◆ **Task instructions**: Would you return exactly the lines below from the line with "Moissy-Yèbles : les" through the line with "diferiți pe aceeași tufă, Er Qiao - Bujori", both included, and nothing else, leaving out the pictures?
── Material for this exercise ──
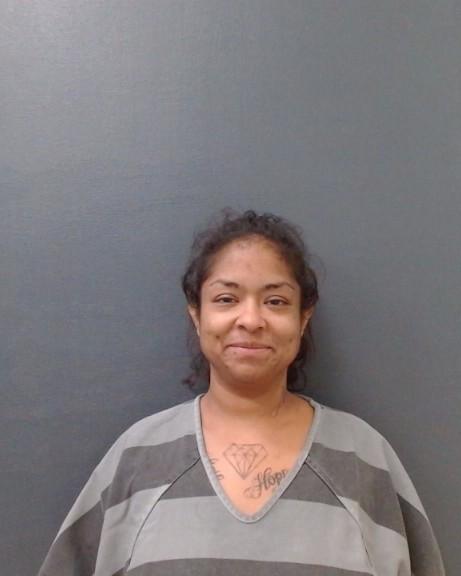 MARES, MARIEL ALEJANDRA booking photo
───
── Material for this exercise ──
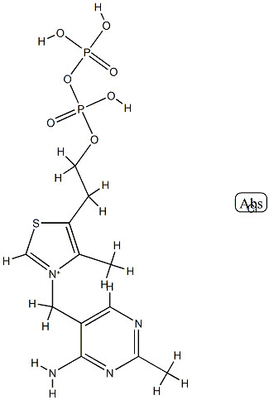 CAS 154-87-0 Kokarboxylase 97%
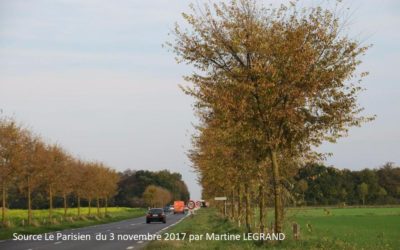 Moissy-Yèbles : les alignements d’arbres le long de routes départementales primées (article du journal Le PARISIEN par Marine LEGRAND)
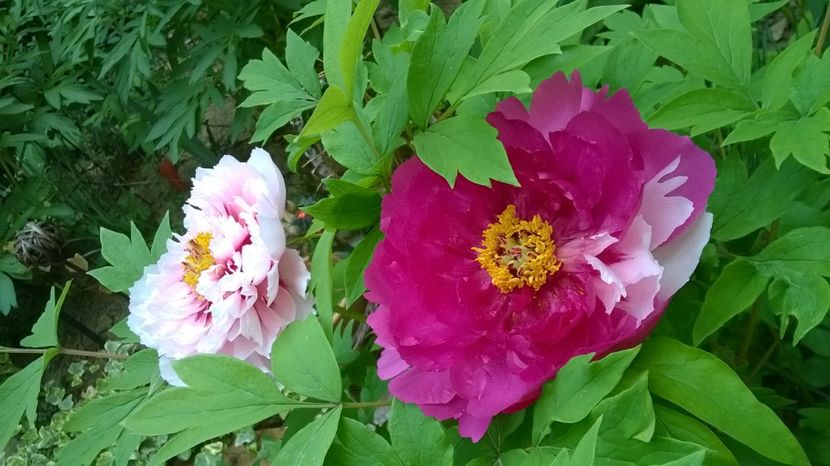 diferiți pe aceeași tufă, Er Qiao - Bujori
───
◆ **Task response**:
 Moissy-Yèbles : les alignements d’arbres le long de routes départementales primées (article du journal Le PARISIEN par Marine LEGRAND)
 diferiți pe aceeași tufă, Er Qiao - Bujori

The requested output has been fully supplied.